Effect of drying methods on the free and conjugated bufadienolide content in toad venom determined by ultra-performance liquid chromatography-triple quadrupole mass spectrometry coupled with a pattern recognition approach.

PMID 26186722


Drying is a useful technique for extending the shelf-life of biological products and enabling long-term storage; however, improper drying can reduce the chemical quality of the products. In this study, we used ultra-performance liquid chromatography-triple quadrupole/mass spectrometry (LC-MS/MS) and multivariate statistical analysis to investigate the effects of four drying methods (V: vacuum-drying at 60°C, F: freeze-drying, H: air-drying at 60°C and R: air-drying at room temperature) on the levels of 36 bufadienolides in toad venom.
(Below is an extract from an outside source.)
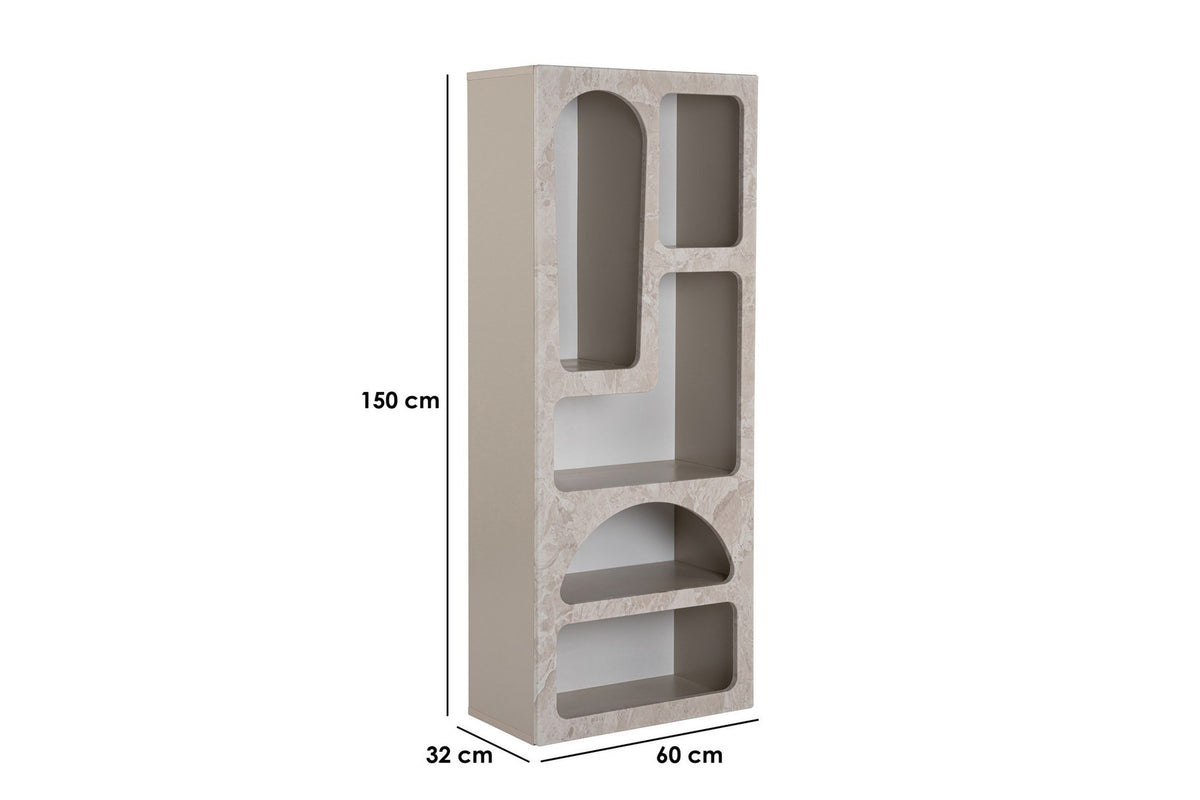 Aria Bücherregal von Nordure in Travertin-Marmor / Sandstein, melaminbeschichtete Spanplatte mit MDF-Türen, schmale Form mit mehreren Fächern.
Vacuum-drying at 60°C produced the highest quality dried toad venom in terms of total bufadienolide content, whereas traditional air-drying at room temperature (RT) to dehydrate the toad venom led to a dramatic loss in free and conjugated bufadienolides, reaching up to 60% and 70%, respectively. Assaying for free bufadienolides ranked the drying methods as V≈F>H>R, whereas assaying for conjugated bufadienolides slightly changed the order to V>F≈H>R. Furthermore, we identified 21 bufadienolides as biomarkers responsible for the decline in the quality of dried toad venom, whose loss varied from 1.5-fold to 100-fold. Of these biomarkers, group I bufadienolides that contain 16-OAc (e.g., cinobufagin and its hydroxyl or arginine ester derivatives) were characteristic components and were reduced to trace levels (loss of more than 10-fold) following traditional air-drying at RT. This might be attributed to the fact that most enzyme-sensitive bufadienolides were biotransformed or degraded at room temperature but were retained using other drying methods.